Inconsistent results on GPU

MXNet: 1.6.0 (cu102) & 1.5.1 (cu101)
GPUs: RTX 2080 & Tesla K40m
Model used: VGG16, Resnet18_v1, Mobilenet1_0

Hello,
I used models mentioned above and trained them(non pre-trained). When the models are trained on the CPU, I obtained consistent results(sum of all weights) since the random seed is fixed. However, to my surprise, the results are inconsistent when trained on GPU.

I only can get same result from VGG16 on GPU with (MXNET_CUDNN_AUTOTUNE_DEFAULT =0) option and the others(Resnet18_v1, Mobilenet1_0) results are varying on GPU.

Additionally, I found out that mobilenet(gluon model_zoo mobilnet.py) produce the same results in the following cases

  1. Annotate Conv2D(line: 50) or
  2. Annotate BatchNorm(line: 51) or
  3. Annotate RELU6(line: 53) or
  4. Annotate Annotate _add_conv_dw(line: 126)

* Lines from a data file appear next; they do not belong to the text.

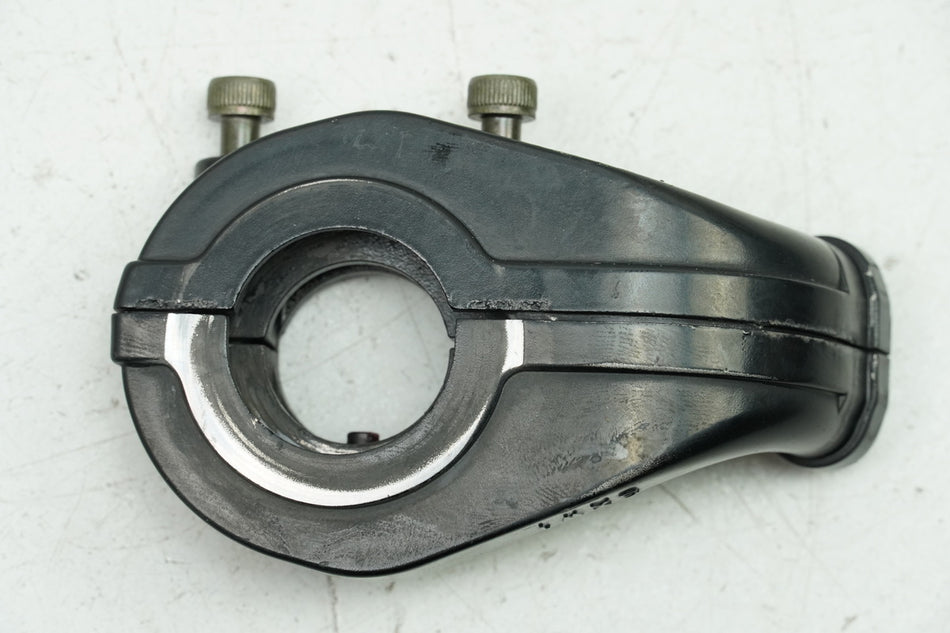 YAMAHA FZS 600 RJ02 FAZER Umlenkrolle Gasgriff Gehäuse Halter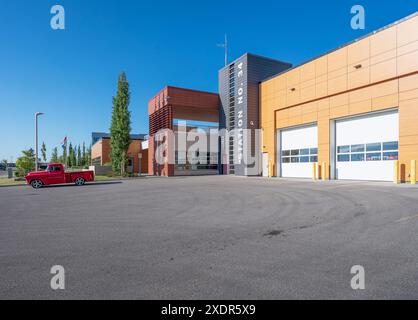 Roter Oldtimer-Pickup, der vor einer Feuerwache in Calgary, Alberta, Kanada, geparkt wurde Stockfoto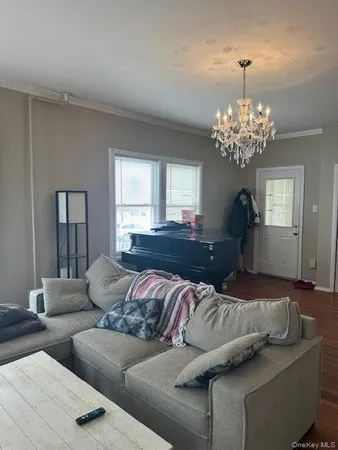 $3,700 | 234 West Market Street, Long Beach, NY 11561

My test code for this issue is as below.

import os
os.environ['MXNET_CUDNN_AUTOTUNE_DEFAULT'] = '0'
os.environ['MXNET_GPU_CUDNN_DROPOUT_STATE_COPY'] = '1'
os.environ['MXNET_GPU_PARALLEL_RAND_COPY'] = '1'

import numpy as np
import mxnet as mx
from mxnet import gluon, autograd

def trans(data, label):
	return mx.nd.transpose(data.astype(np.float32), (2, 0, 1))/255, label.astype(np.uint8)

def sum_of_weight(net):
	params = net.collect_params()
	accu = mx.nd.zeros(1, ctx)
	for key in params.keys():
		accu+= mx.nd.sum(params[key].data())
	print(accu)

def test_model(net, data):
	trainer = gluon.Trainer(net.collect_params(), optimizer="sgd", optimizer_params={'learning_rate': 0.01})
	loss = gluon.loss.SoftmaxCrossEntropyLoss()
	
	stop = 5
	for i, (data, label) in enumerate(data):
		if i == stop:
			break
		
		with autograd.record():
			losses = loss(net(data.copyto(ctx)), label.copyto(ctx))
		losses.backward()
		trainer.step(batch_size)
	
	sum_of_weight(net)



mx.random.seed(5)
np.random.seed(5)
batch_size = 256
ctx = mx.gpu()



net = mx.gluon.model_zoo.vision.mobilenet1_0() # resnet18_v1, vgg16
net.initialize(ctx=ctx)
net(mx.nd.zeros((1,3,32,32), ctx=ctx))
data = gluon.data.DataLoader(gluon.data.vision.CIFAR10(train=True, transform=trans), batch_size)


test_model(net, data)

The results of this code should be the same each time if the seed is completely fixed. However on the GPU, the results keep changing. Please help me solve this problem. Thanks you.